■ INFORMATION PROVIDED

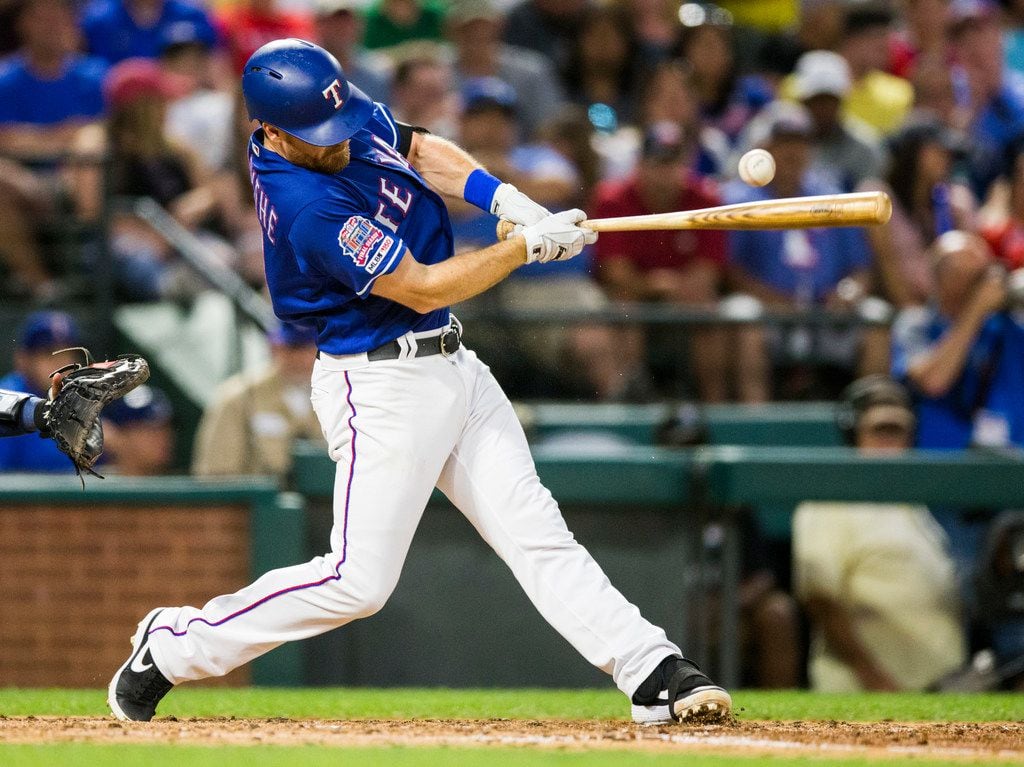 Texas Rangers short stop Logan Forsythe (41) bats during the fifth inning of an MLB game...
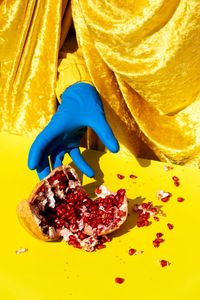 Crop anonymous person in latex glove reaching out hand to smashed ripe pomegranate with red seeds from behind shiny curtain on yellow surface in studio person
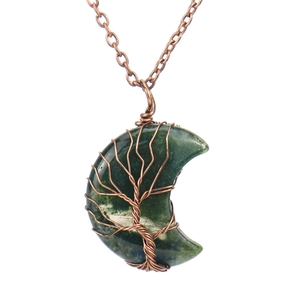 Macro detail of moss agate crescent moon pendant with handmade copper tree of life wire wrap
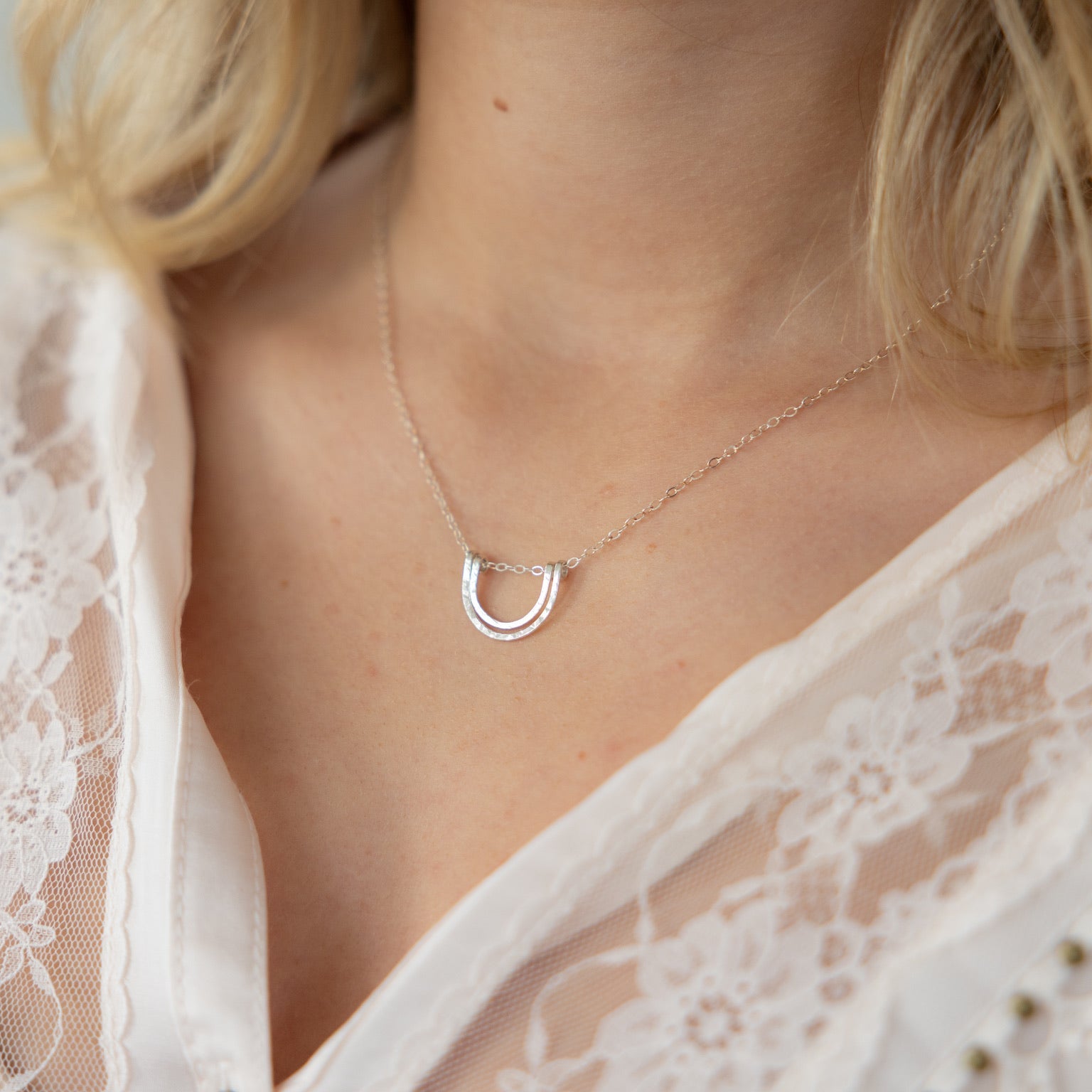 model wearing sterling silver hammered pendant necklace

■ TRY IT
Retype the material in full, exactly as written, and exclude the pictures.

■ EXERCISE ANSWER
 Texas Rangers short stop Logan Forsythe (41) bats during the fifth inning of an MLB game...
 Crop anonymous person in latex glove reaching out hand to smashed ripe pomegranate with red seeds from behind shiny curtain on yellow surface in studio person
 Macro detail of moss agate crescent moon pendant with handmade copper tree of life wire wrap
 model wearing sterling silver hammered pendant necklace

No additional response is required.